Copy the listing exactly, please, and keep every picture out of it.

** SOURCE MATERIAL **

·····

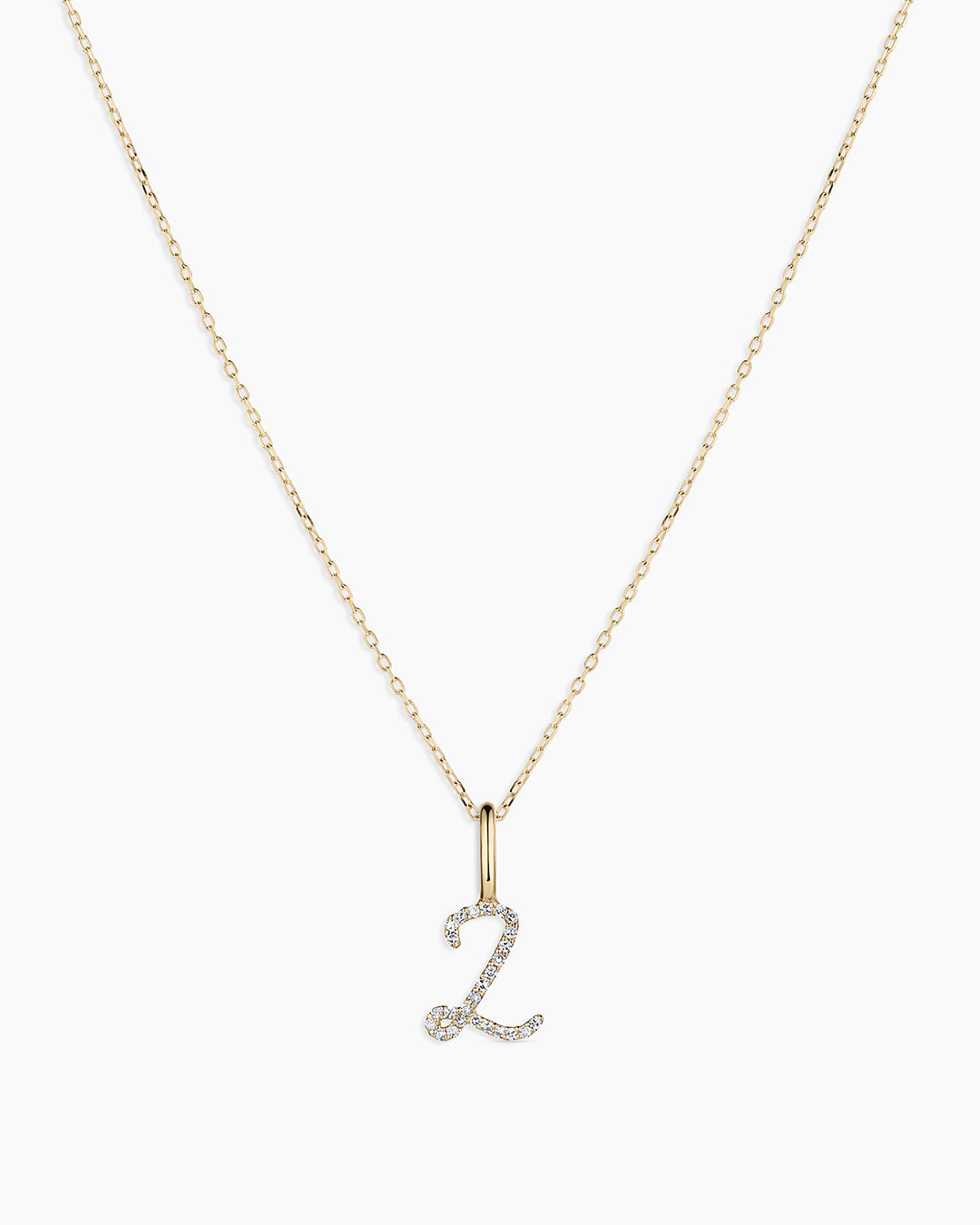 Diamond Script Alphabet Charm Necklace || option::14K Solid Gold, Z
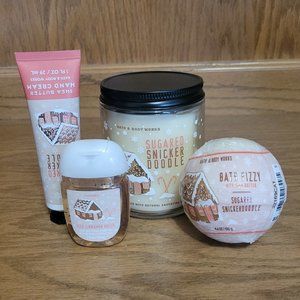 Bath and Body Works Sugared Snickerdoodle Lot Candle Hand Cream Bath Fizzy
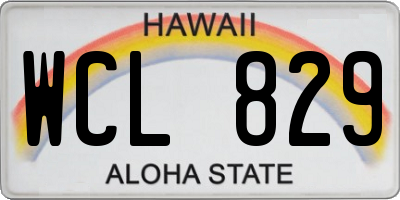 HI license plate WCL829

·····

** ANSWER TO THE PROBLEM **
 Diamond Script Alphabet Charm Necklace || option::14K Solid Gold, Z
 Bath and Body Works Sugared Snickerdoodle Lot Candle Hand Cream Bath Fizzy
 HI license plate WCL829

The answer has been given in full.